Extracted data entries

=== Section Start ===

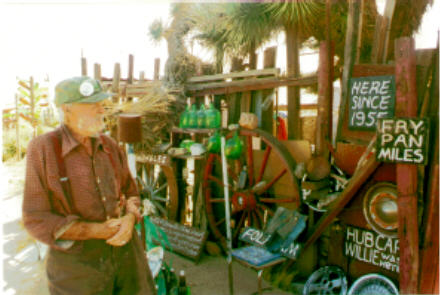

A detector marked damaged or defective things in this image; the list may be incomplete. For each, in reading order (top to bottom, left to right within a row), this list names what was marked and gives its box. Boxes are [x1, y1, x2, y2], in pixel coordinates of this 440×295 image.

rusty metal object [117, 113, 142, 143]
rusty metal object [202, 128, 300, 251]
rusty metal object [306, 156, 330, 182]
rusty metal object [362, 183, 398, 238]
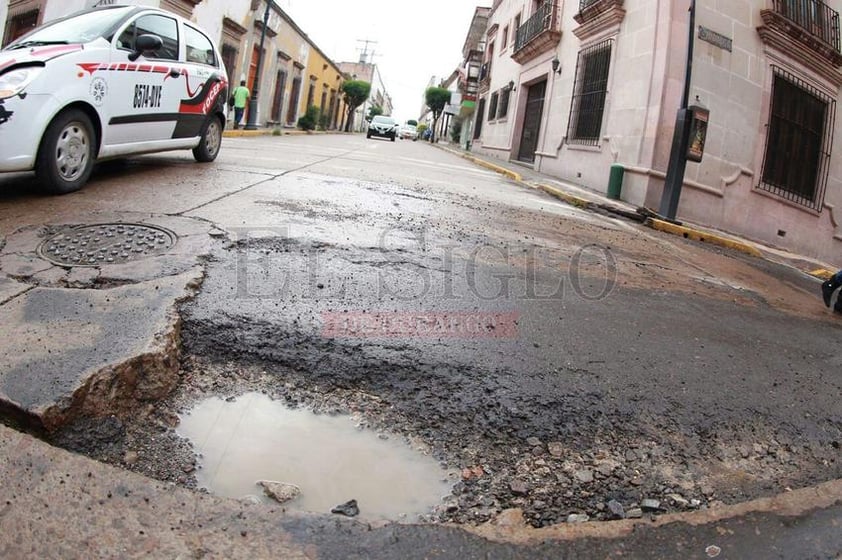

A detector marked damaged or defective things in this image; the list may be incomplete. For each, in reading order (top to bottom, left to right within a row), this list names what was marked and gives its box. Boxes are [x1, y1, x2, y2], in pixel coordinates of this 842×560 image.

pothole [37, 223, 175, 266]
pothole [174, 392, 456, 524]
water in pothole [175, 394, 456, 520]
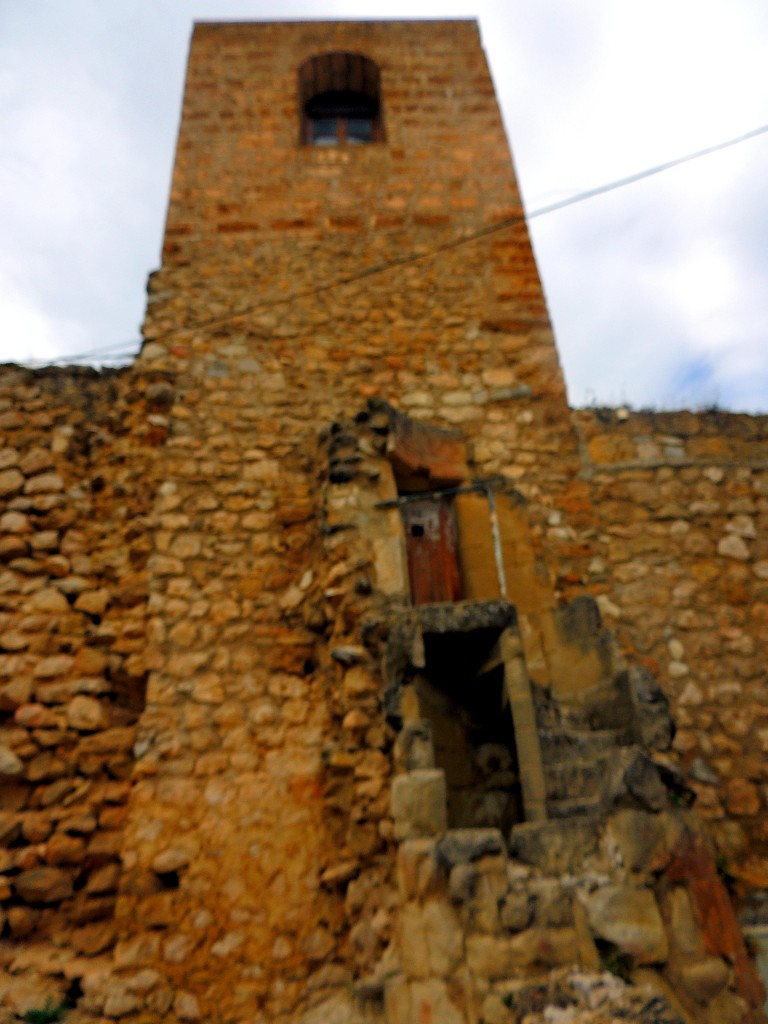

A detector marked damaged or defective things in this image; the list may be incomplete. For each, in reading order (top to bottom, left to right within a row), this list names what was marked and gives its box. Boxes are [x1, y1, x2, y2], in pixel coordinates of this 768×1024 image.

=== Section End ===
=== Section Start ===

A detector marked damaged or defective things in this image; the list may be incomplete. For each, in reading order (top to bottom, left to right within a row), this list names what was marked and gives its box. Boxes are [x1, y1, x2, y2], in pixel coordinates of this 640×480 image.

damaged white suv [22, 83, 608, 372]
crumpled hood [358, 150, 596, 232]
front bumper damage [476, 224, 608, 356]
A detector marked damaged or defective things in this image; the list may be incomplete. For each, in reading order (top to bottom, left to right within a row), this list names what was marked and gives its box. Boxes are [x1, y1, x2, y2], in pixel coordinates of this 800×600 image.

=== Section End ===

[Exercise aim]
Retype only this portion of the data above: the line containing "this 640×480 image.", the line containing "this 800×600 image.", and all lines between them, exactly.

[Written solution]
A detector marked damaged or defective things in this image; the list may be incomplete. For each, in reading order (top to bottom, left to right within a row), this list names what was marked and gives its box. Boxes are [x1, y1, x2, y2], in pixel coordinates of this 640×480 image.

damaged white suv [22, 83, 608, 372]
crumpled hood [358, 150, 596, 232]
front bumper damage [476, 224, 608, 356]
A detector marked damaged or defective things in this image; the list may be incomplete. For each, in reading order (top to bottom, left to right within a row), this list names what was marked and gives its box. Boxes are [x1, y1, x2, y2], in pixel coordinates of this 800×600 image.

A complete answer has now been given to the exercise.